Qu’il s’agisse de mouvements aussi divers que le biorégionalisme (avec l’idée de « reinhabiting »), des variantes de communalisme ou de municipalisme éco-socialistes, de pensées inspirées de l’idée latourienne d’« atterrissage », de la réévaluation du modèle de la « maisonnée » dans les pensées écoféministes, de réflexions d’inspiration phénoménologique (comme celle de David Abram) ou encore de l’appel militant à réinvestir sous de multiples formes des milieux de vie qui sont en même temps des objets de lutte et des territoires de réinvention d’alternatives écologiques, politiques et sociales (les ZAD, les Soulèvements de la Terre) : la réflexion sur la nécessité d’un ancrage existentiel et écologique passant par le développement de nouvelles relations avec nos lieux de vie les plus proches est omniprésente dans la pensée contemporaine.
Nous souhaitons interroger cette tendance de fond à partir d’une réflexion sur l’idée même d’« appartenance » (pris au sens des termes anglais « to belong », « belonging »). Qu’est-ce en effet qu’appartenir à un territoire, à un lieu, à un milieu dans le contexte écologique et politique qui est le nôtre ? Car, force est de constater que l’idée d’appartenance et la valorisation du « local » sont affectées d’une certaine ambivalence, tant elles peuvent être « codées » dans les termes d’un ancrage identitaire, refermé sur lui-même, exclusif. Cela peut (et doit) être évité en pensant l’appartenance dans le sens de la terre aux sujets humains, et non pas dans le sens d’une propriété humaine de la terre comme simple ressource ou surface inerte et passive.
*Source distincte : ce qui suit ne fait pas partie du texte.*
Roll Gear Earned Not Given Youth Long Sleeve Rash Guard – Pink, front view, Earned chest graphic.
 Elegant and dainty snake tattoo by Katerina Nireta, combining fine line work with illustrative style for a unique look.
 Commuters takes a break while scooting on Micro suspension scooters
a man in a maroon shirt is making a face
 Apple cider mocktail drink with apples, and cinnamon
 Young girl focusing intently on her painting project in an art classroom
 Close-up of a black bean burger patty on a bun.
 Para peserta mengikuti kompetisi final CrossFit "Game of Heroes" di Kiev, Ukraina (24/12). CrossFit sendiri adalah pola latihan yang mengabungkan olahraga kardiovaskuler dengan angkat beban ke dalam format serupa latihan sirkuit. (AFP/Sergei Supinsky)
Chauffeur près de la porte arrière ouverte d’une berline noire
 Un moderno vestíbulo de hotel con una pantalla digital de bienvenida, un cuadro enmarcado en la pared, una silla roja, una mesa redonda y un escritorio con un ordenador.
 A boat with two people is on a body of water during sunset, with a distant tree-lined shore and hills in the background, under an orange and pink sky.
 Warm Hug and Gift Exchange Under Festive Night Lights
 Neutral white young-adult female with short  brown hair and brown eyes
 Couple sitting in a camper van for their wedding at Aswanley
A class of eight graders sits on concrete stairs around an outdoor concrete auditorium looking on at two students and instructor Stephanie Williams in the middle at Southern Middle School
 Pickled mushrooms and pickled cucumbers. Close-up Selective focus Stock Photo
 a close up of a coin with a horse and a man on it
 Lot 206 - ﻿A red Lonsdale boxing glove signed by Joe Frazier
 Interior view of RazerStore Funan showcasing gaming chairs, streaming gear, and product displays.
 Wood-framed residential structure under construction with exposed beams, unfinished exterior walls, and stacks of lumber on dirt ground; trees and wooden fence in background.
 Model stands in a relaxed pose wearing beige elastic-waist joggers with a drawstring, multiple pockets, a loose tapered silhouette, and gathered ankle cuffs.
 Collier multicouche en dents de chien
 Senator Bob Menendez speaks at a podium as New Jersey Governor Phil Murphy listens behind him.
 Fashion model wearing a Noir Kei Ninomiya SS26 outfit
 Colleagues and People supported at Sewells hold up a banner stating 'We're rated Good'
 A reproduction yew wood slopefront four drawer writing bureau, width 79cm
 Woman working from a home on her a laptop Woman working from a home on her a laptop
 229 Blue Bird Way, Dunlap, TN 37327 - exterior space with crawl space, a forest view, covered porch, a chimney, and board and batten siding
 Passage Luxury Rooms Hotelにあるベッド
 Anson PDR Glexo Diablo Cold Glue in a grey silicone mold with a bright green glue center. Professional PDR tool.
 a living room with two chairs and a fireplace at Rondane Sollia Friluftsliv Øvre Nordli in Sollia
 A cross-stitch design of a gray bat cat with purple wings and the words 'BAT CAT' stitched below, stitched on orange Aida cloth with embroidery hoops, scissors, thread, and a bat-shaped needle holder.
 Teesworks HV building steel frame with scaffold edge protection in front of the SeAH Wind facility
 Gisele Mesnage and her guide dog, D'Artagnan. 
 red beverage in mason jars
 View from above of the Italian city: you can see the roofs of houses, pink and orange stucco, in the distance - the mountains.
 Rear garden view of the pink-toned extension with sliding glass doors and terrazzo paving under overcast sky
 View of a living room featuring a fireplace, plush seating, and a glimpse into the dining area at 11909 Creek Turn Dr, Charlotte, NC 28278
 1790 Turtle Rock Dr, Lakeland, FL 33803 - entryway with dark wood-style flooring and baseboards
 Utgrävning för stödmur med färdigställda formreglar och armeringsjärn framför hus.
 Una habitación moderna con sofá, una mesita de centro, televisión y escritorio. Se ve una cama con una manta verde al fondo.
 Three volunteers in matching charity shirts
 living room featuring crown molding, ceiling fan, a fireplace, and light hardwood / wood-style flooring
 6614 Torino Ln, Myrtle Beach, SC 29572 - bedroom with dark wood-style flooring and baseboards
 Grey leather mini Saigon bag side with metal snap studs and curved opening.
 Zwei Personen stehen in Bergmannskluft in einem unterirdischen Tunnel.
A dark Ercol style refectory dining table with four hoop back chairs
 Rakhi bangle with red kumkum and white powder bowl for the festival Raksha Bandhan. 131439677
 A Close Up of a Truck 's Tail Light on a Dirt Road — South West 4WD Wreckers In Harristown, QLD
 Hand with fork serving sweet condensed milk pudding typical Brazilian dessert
En quoi les pensées écologiques contemporaines se distinguent-elles de discours, avec lesquels elles risquent de se confondre ou de se compromettre, d’une appartenance pensée en des termes potentiellement réducteurs ? Qu’est-ce qui différencie les formes contemporaines d’appartenance écologique et politique, de formes réactionnaires d’appartenance ethnique, raciale ou culturellement fantasmées ? Quelles relations aux lieux, quelles formes sociales et communautaires, quels types de cohabitation avec le non-humain, quels types d’affects, d’engagements et d’attentions sont impliqués dans les pensées écologiques contemporaines de l’appartenance ?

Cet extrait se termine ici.